Mucho cuidado con comer carne procesada. Ni se le ocurra fumar ni oler el tabaco. Ojo con la comida basura. Modere el consumo de la bollería fina... Las autoridades sanitarias advierten cada dos por tres de esto o de lo otro, y pobre del que incumpla: palo y tentetieso en forma de sanción o penas severas.

Todo esto está muy bien, pero no comprendo demasiado porqué toda esta estrategia no se extiende también a otras conductas nocivas, que sorprendentemente se potencian por las propias Administraciones. Pienso, por ejemplo, en los festejos populares.

Los brutales decibelios de las orquestas y atracciones en el centro de las localidades, desafiando tímpanos y cristales a todo vatio hasta bien entrada la madrugada, no importan. Tampoco, los ancianos, enfermos o niños que precisan de esas noches para descansar. Que son cuatro días, rebaten quienes defienden este modelo tradicional de festejos, imponiendo a los aguafiestas que opinan diferente su dictadura del ruido y el insomnio, forzándoles al éxodo a otros lugares en los que se pueda dormir.

De esto, nada hablan los mandamases de la salud. Su silencio cómplice alcanza también al abuso del calimocho entre adolescentes en las inmediaciones de los recintos festivos, junto a otras sustancias perseguidas por la justicia. Las plazas de España se convierten en agosto en mingitorio y vomitorio auspiciado precisamente por quienes debieran, como en Roma, cumplir con la máxima de salus populi suprema lex esto.  

Todos los pueblos tienen afueras, zonas sin población donde poder ubicar este tormento anual (playas, áreas industriales, descampados...).
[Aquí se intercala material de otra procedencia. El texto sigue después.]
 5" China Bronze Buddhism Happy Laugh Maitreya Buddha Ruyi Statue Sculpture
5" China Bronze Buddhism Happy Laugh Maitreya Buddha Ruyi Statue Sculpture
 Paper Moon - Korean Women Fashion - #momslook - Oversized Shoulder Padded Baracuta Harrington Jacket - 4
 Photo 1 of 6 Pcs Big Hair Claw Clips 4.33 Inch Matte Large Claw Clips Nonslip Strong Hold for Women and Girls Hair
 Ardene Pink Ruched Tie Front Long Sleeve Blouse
Lo que no tiene un pase es que se insista en someter cada verano a miles de personas de toda condición a la condena de sufrir música ensordecedora y tener que sortear además aguas fecales para llegar a sus propias casas. Dudo que cosas así sucedan en los países más subdesarrollados del planeta.
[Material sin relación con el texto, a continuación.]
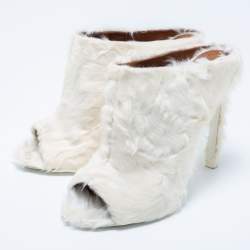 Givenchy Off White Fur Peep Toe Mules Size 40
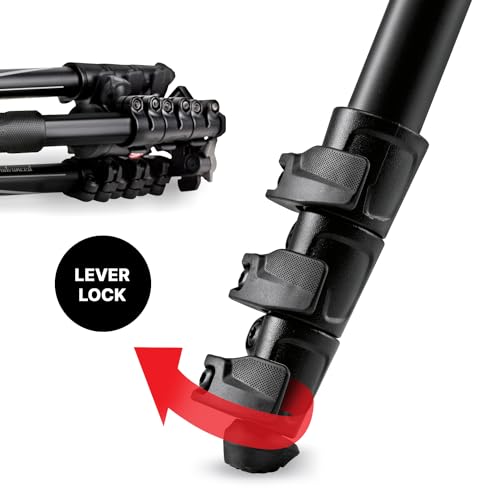 Manfrotto Befree Advanced Camera Tripod with Lever Closure, Portable and Compact Travel Tripod Kit with Ball Head, Aluminum Tripod for DSLR Reflex and Mirrorless Cameras, Camera Accessories | Aluminum 4-Section Travel Tripod, 40 Cm Folded, 151 Cm Max, 1.5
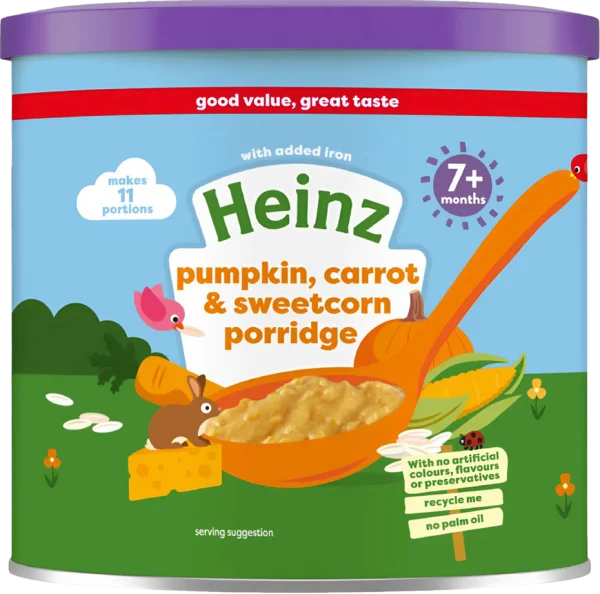 Thức ăn bổ sung dành cho trẻ từ 7 tháng tuổi trở lên: Cháo bí đỏ, cà rốt & bắp ngọt-Heinz pumpkin, carrot & sweetcorn porridge *giao ngẫu nhiên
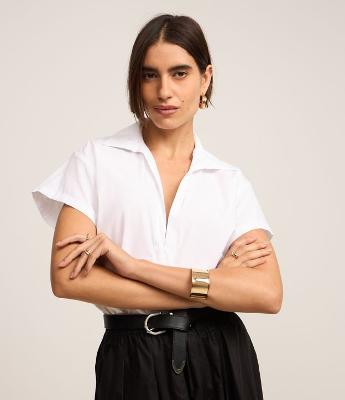 Body Camisa em Tricoline com Decote Profundo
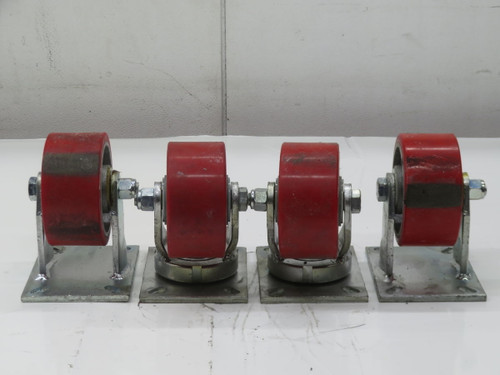 USED LOT OF 4 MEGA CASTER HEAVY DUTY CASTER WHEELS 5X3 IN T265804 For Sale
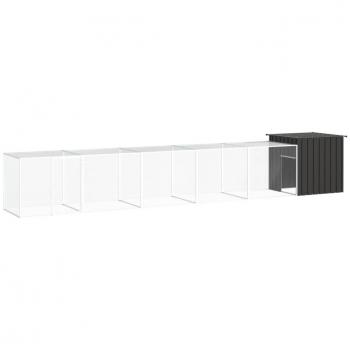 Jaula de gallinas acero galvanizado antracita 600x91x100 cm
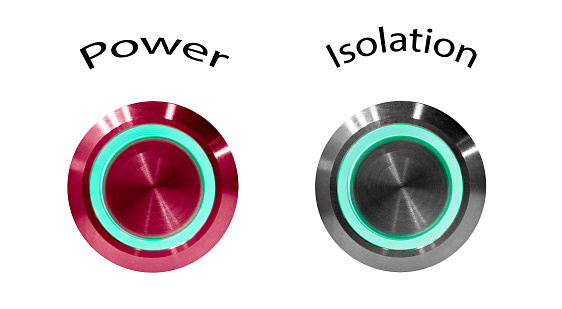 Power red button with word and circular green backlight and Insulation silver button on  white background
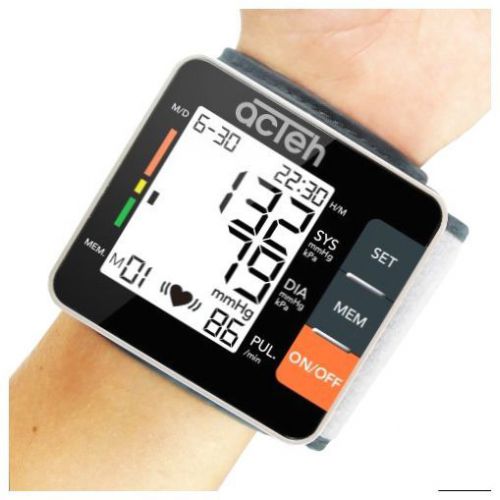 Wrist blood pressure monitor with pulse, heart rate and hypertension indicator for sale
Aunque, más que trasladar la feria de sitio, procede sin duda abrir un sereno debate sobre este lamentable e insano modelo de festejos que seguimos padeciendo, por más que sirva para incrementar el gran negocio de las multinacionales del alcohol o para alimentar el vano orgullo de los atorrantes de turno que creen que seguir así es lo mejor de lo mejor. Seguro que no dirían lo mismo si ellos tuvieran ese infierno delante de sus narices.

Por descontado que son posibles unas fiestas patronales que agraden a todos. Pero ello pasa porque se logre dar con el término medio en el que nadie se sienta perjudicado, con generosidad y sentido común.

Lo contrario, además de insalubre, es injusto.